You probably have a great relationship with your local Cleveland Metroparks reservation. You run on the trails in the mornings, walk off big dinners there in the evenings and relax there on the weekends. There is no area of the reservation that you haven’t hiked, biked or driven through. You’ve even started recognizing the wildlife. But, how well do you know the other reservations of Cleveland Metroparks across the city? Or, even one of the smaller reservations that stand like an oasis surrounded by concrete and asphalt?
We here at Cleveland Metroparks believe in the spirit of adventure and encourage you to leave no stone unturned, no hill unclimbed and no reservation unexplored. We are here to entice you to the other side of town with our hidden gems.
1. Squaw Rock – South Chagrin Reservation
Squaw Rock is where my family had a lot of reunions. For a kid who lived in the inner-city, the woods were magical. I remember exploring trails and wading in creeks off the Chagrin River until we reached Squaw Rock. Squaw Rock was carved by local artist and blacksmith Henry Church in 1885. The rock features a quiver of arrows, a giant serpent, an eagle and a woman. There are other large and smaller carvings around the rock, too. But, there is also an air of mystery to the rock, because it’s not certain if Henry Church made all of these carvings himself, especially the riverside ones. Either way, it is a spectacular sight to see.
2. Deer Lick Cave – Brecksville Reservation
If you are up for a trip south, visit Deer Lick Cave. Natives of the Brecksville area have probably done their fair share of hiking to this sandstone overhang (not an actual cave where you can climb in or go spelunking). Millions of years ago when Ohio was underwater and dunkleosteus (prehistoric giant fish) were terrorizing sharks in the area, salt from the ocean embedded itself into the sands that formed these walls. It got its name from the white-tailed deer that licked the walls to get much needed salt (like a giant natural salt lick). Deer Lick Cave is a spectacular natural feature in Brecksville Reservation. Kelly McGinnis, a Brecksville Reservation naturalist, recommends either parking on Valley Parkway near the cave or taking a four-mile hike starting at Brecksville Nature Center through the hills and valleys to Deer Lick Cave. No matter what season it is, Deer Lick Cave is a great place to explore.
Photo by Rex Brown
3. Gordon Park – Lakefront Reservation
Part of our newest addition to the Park District, Gordon Park is a scenic area of green space by the lake. It’s a great spot for spotting waterfowl and other wildlife. Naturalist, and all-around bird enthusiast, Jen Brumfield leads a bird hike around here almost every month. Winter is a great time to stop by Gordon Park to look for rare birds, as they head south from their arctic habitats. In the summer, it’s a cool place to spot native waterfowl and escape the heat of the concrete jungle.
4. Whipp’s Ledges – Hinckley Reservation
These cliffs that reach up to 350 feet above Hinckley Lake have a lot of history.
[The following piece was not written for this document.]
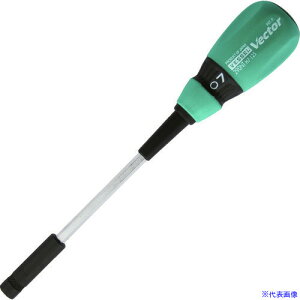 ��VESSEL �x�N�g���i�b�g�h���C�o�[B290NT�Ε�7X125 B290NTH7(1026572)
Known for its geological beauty, Whipp’s Ledges, bears the name of Robert Whipp, a local livestock farmer and butcher. After a few rough winters and losing both his livestock and his first wife, Whipp became the subject of a nefarious plot concocted by the daughter and son of his neighbor. Looking to get his $100,000 fortune, the daughter lied to Whipp, convinced him to marry her and led a murder attempt on Whipp along with her brother and boyfriend. Robert Whipp was almost killed by his second wife and all he got was some ledges named after him. But it’s better than a T-shirt. Right?
5. Scenic Loop Trail – North Chagrin Reservation
With spring here and nice weather, hopefully, not too far behind, wildflowers will be popping up from the ground. North Chagrin Naturalist Angelec Hillsman recommends a nice trip around the Scenic Loop Trail. Located off Buttermilk Falls Parkway, this loop boasts one of the best places to see spring wildflowers. If you are participating in the Wildflower Tour Contest, it’s a good place to cross off some of your wildflower selfies. It’s also a really serene place to take a break from the noise of the city.
6. Emerald Necklace Marina – Rocky River Reservation
If you’ve driven over the Detroit Avenue Bridge, you probably didn’t know you drove right over this beautiful gem in Cleveland Metroparks. It looks like it belongs on the coast of Maine with a traditional New England sort of charm. It’s right off the Rocky River, with an operational dock and boat launch so you can easily access Lake Erie. It’s also a nice place to relax or perhaps grab a bite to eat courtesy of Nelly Belly Restaurant.
With nearly 23,000 acres Cleveland Metroparks is a large place. We encourage everyone to take an afternoon and dedicate it to discovering their own gems across the Cuyahoga River (or on the other side of I-480), because there’s still so much more of Cleveland Metroparks to explore.